As Medtronic continues to await FDA clearance of the latest iteration of its MiniMed insulin pump, the medtech giant has churned out a steady stream of data supporting the device’s ability to improve outcomes for Type 1 diabetes patients.

The latest proof of the MiniMed 780G’s promise arrives in the form of study results published in The Lancet Diabetes & Endocrinology, Medtronic announced Thursday.

The MiniMed 780G system has been cleared in Europe since 2020. Medtronic submitted it to the FDA for U.S. approval in the spring of 2021 but is still awaiting a decision, slowed down by the roadblocks caused by a late 2021 warning letter from the agency that called out quality control issues at the California headquarters of its diabetes business.

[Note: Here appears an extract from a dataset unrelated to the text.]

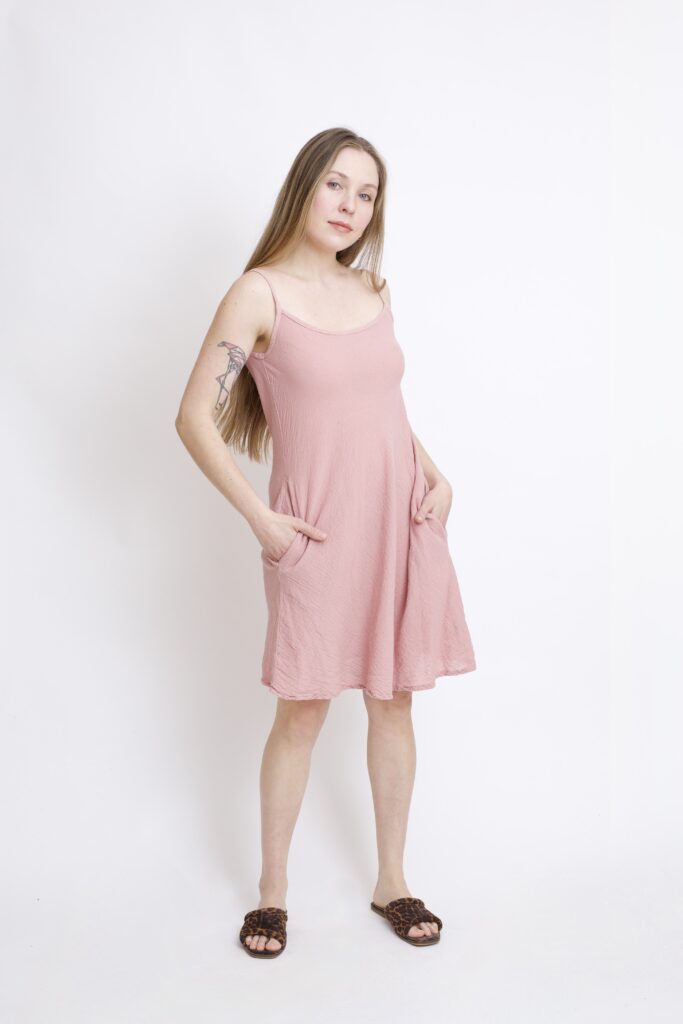 bawełniana sukienka mini różowo-pudrowa. Na ramiączkach - na lato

The company’s Adapt trial put the algorithm-equipped insulin pump to the test against one standard of care for diabetes management—a combination of multiple daily insulin injections and intermittent check-ins with a continuous glucose monitor. Ultimately, the MiniMed system came out on top in multiple head-to-head comparisons including in reducing average blood sugar levels and increasing the amount of time participants spent within their ideal glycemic ranges.

The MiniMed 780G device is equipped with algorithms that can automatically adjust a wearer’s insulin dosages as necessary. It makes those decisions based on readings wirelessly transmitted from Medtronic’s Guardian glucose sensor, which requires two fingerstick calibrations per day and analyzes blood sugar levels every five minutes.

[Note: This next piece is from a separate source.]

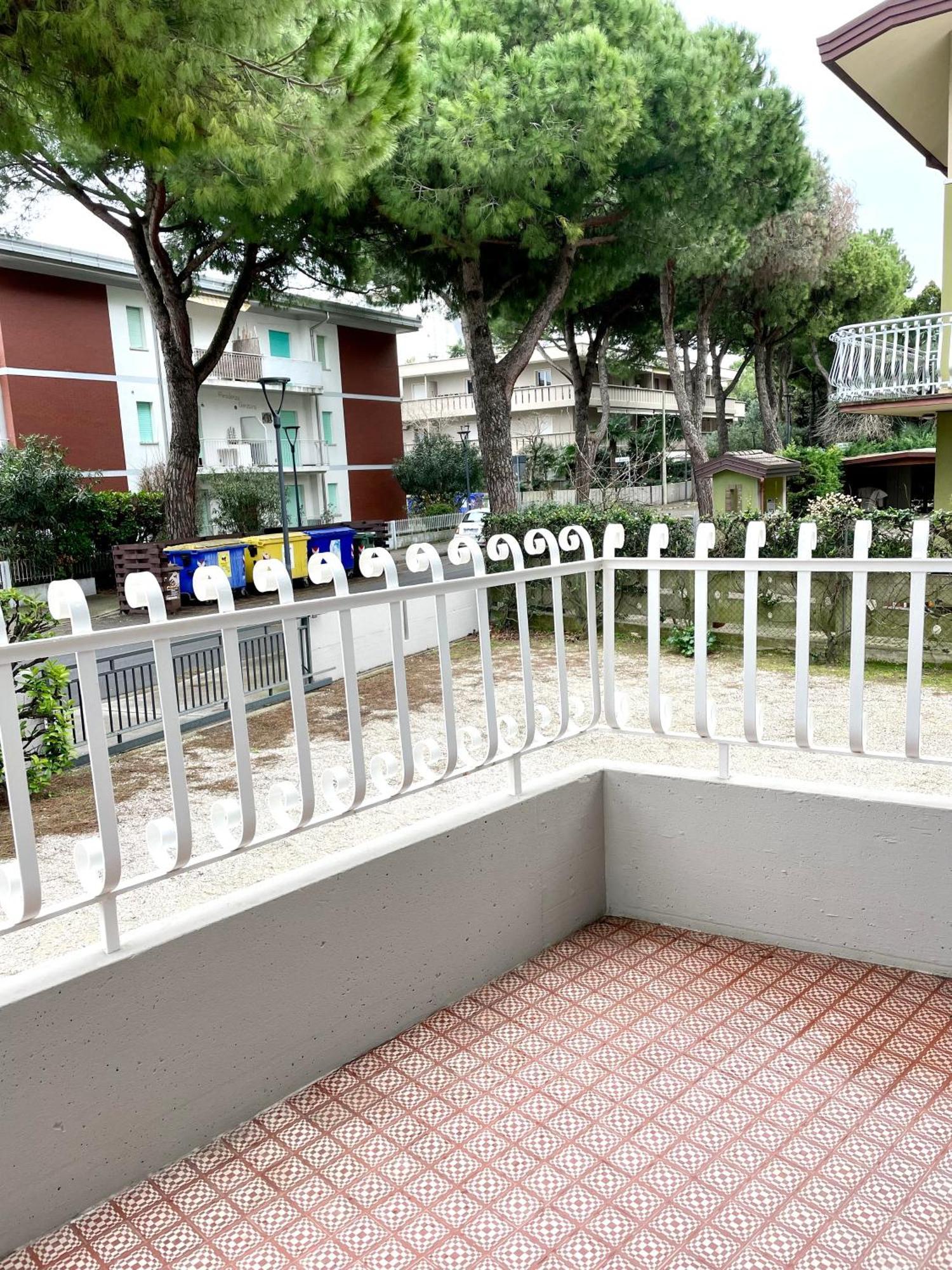 Condominio Mammole Lignano Sabbiadoro Exterior photo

Users can track those automatic adjustments through the accompanying MiniMed mobile app, which displays real-time glucose readings and recent trends, and can also send out alerts if the user’s blood sugar is spiking or dipping outside of a preset range.

The Adapt trial focused on 82 participants, all of whom had been relying on a combination of multiple daily injections and periodic CGM scans to manage their diabetes before the study began. Though their glucose monitors were set to perform readings about nine times a day, the participants started the study with average HbA1C levels above 8%—well above the recommended maximum of 5.7%.

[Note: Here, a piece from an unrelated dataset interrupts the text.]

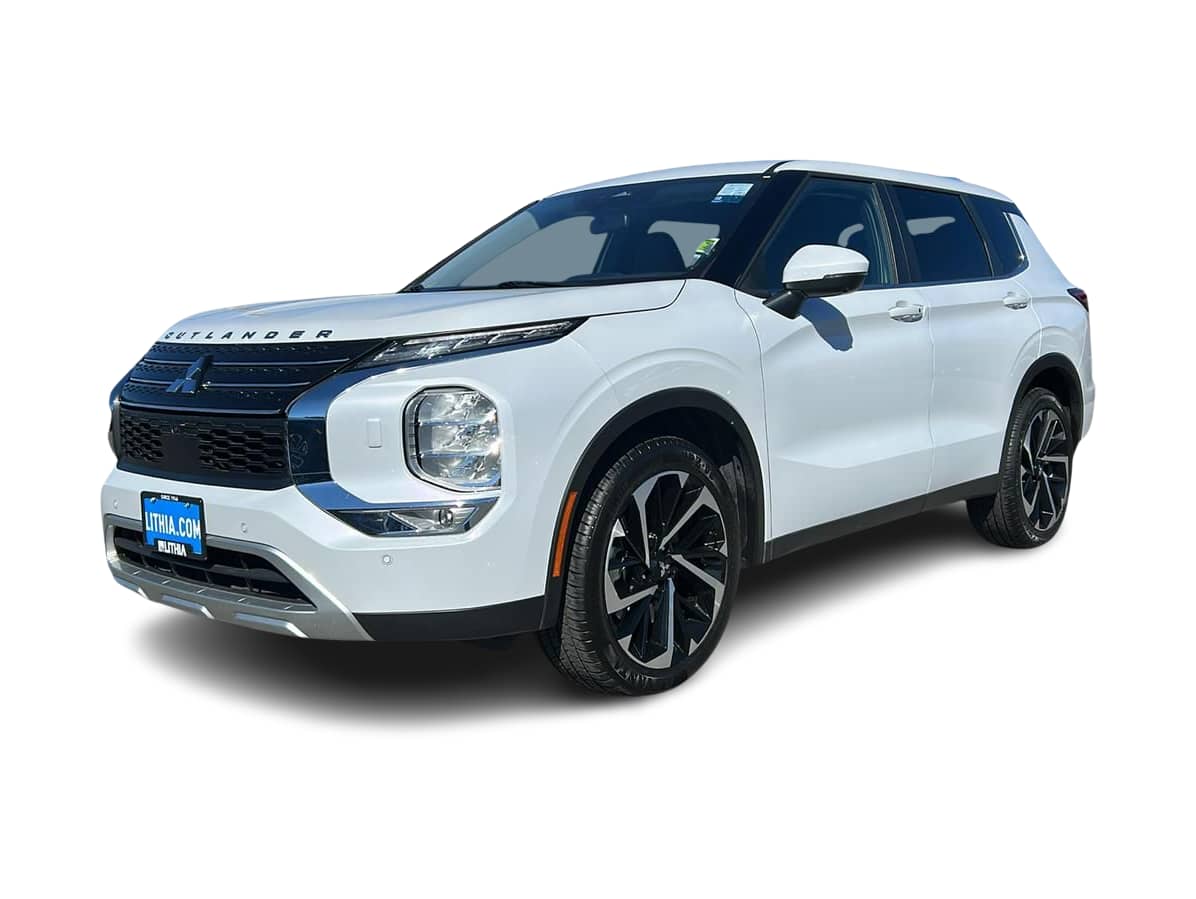 Thumbnail: 2024 Mitsubishi Outlander - 1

After using the MiniMed 780G system for six months, the trial’s experimental group experienced an average reduction of 1.4% in their blood sugar readings. More than a quarter of those in that group saw their HbA1C levels drop below the 7% mark, while none of the control group participants—who continued to rely on the original standard of care method to manage their diabetes—reached that point.

Alongside that drop in blood sugar, by the six-month mark, those using the MiniMed 780G system were spending an average of 27.6% more time in their ideal glucose ranges compared to the control group. That adds up to about 6.6 additional hours spent in range each day, and Medtronic noted that time in range saw even greater improvements overnight, when the MiniMed system’s algorithms were solely in control of insulin dosing.